[Data Boundary: Start]
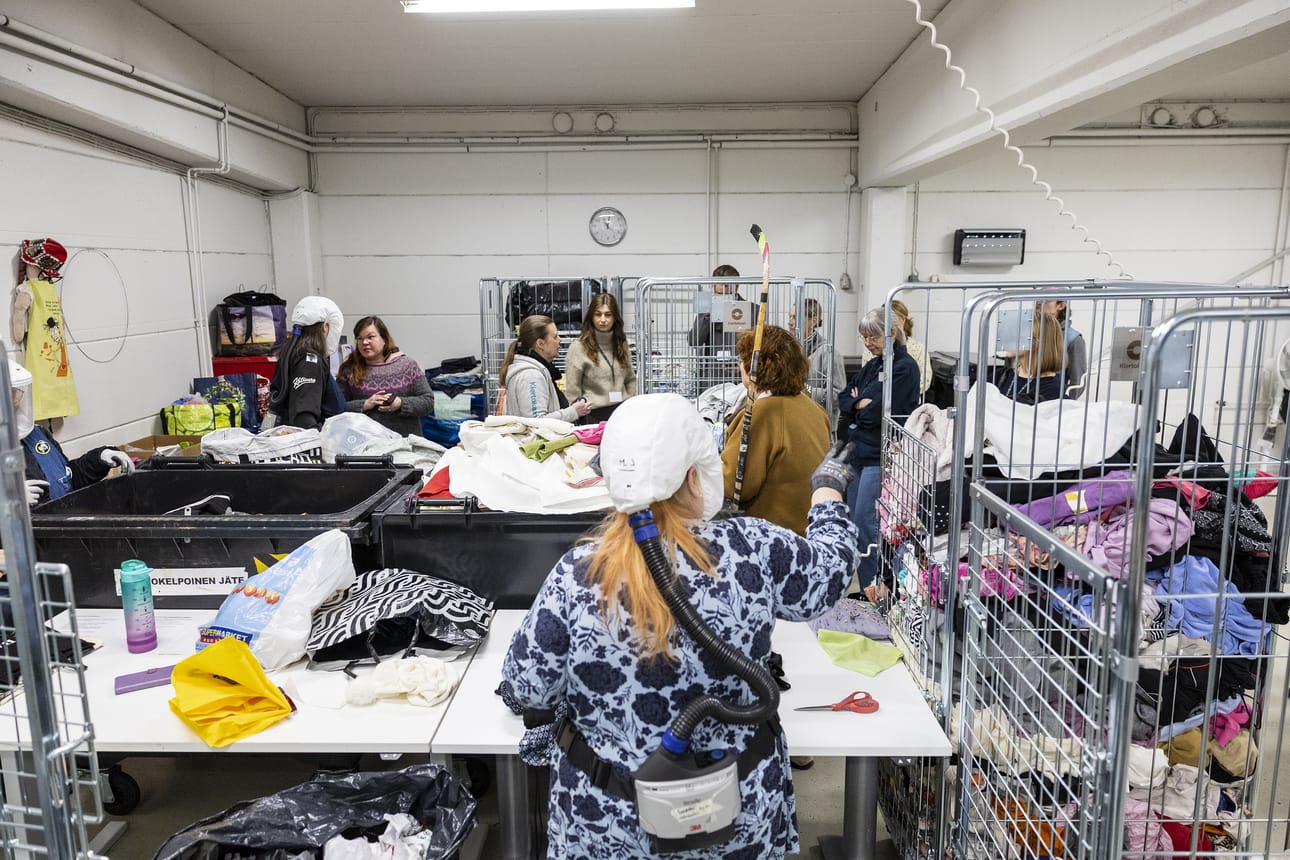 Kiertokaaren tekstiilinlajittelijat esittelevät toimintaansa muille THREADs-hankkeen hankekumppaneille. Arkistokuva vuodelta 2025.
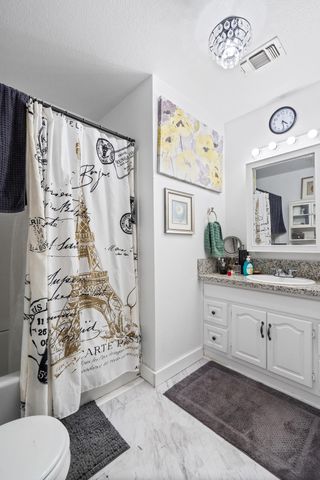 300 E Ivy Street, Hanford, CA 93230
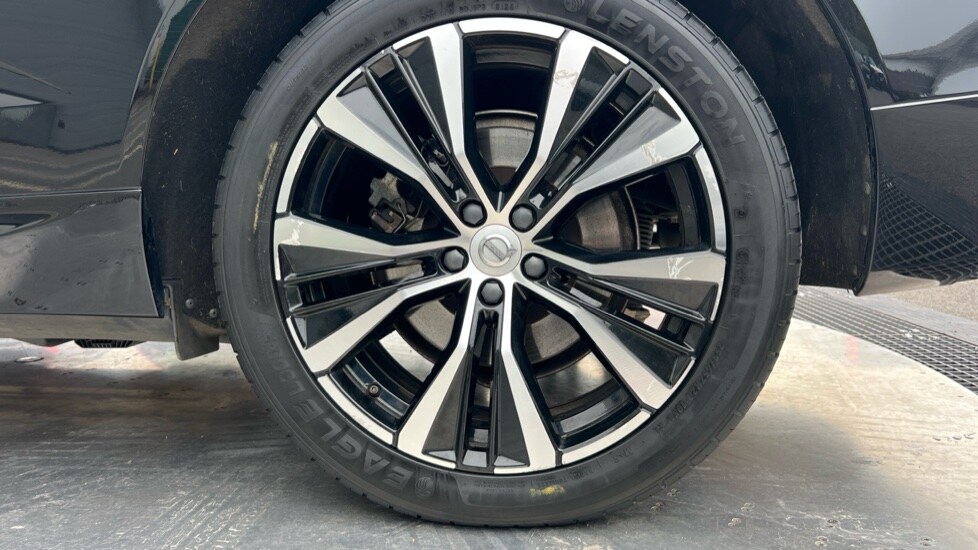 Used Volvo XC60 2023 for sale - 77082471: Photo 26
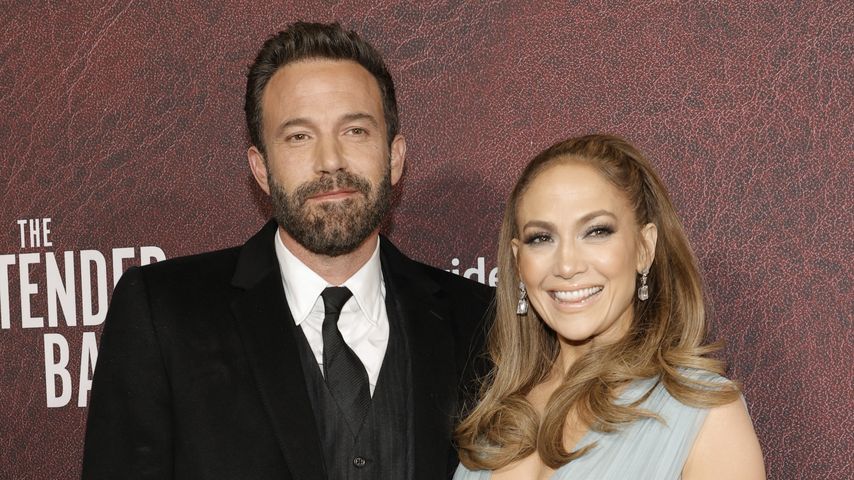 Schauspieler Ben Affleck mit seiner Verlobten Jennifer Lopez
[Data Boundary: End]
[Data Boundary: Start]
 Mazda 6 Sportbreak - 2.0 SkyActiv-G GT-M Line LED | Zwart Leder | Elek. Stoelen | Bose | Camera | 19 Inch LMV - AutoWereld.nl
[Data Boundary: End]
The task
Starting at the line above that has "Kiertokaaren tekstiilinlajittelijat esittelevät" and ending at the line that has "Schauspieler Ben Affleck", copy each line exactly, leaving the pictures out and adding nothing.

Solution for this task
 Kiertokaaren tekstiilinlajittelijat esittelevät toimintaansa muille THREADs-hankkeen hankekumppaneille. Arkistokuva vuodelta 2025.
 300 E Ivy Street, Hanford, CA 93230
 Used Volvo XC60 2023 for sale - 77082471: Photo 26
 Schauspieler Ben Affleck mit seiner Verlobten Jennifer Lopez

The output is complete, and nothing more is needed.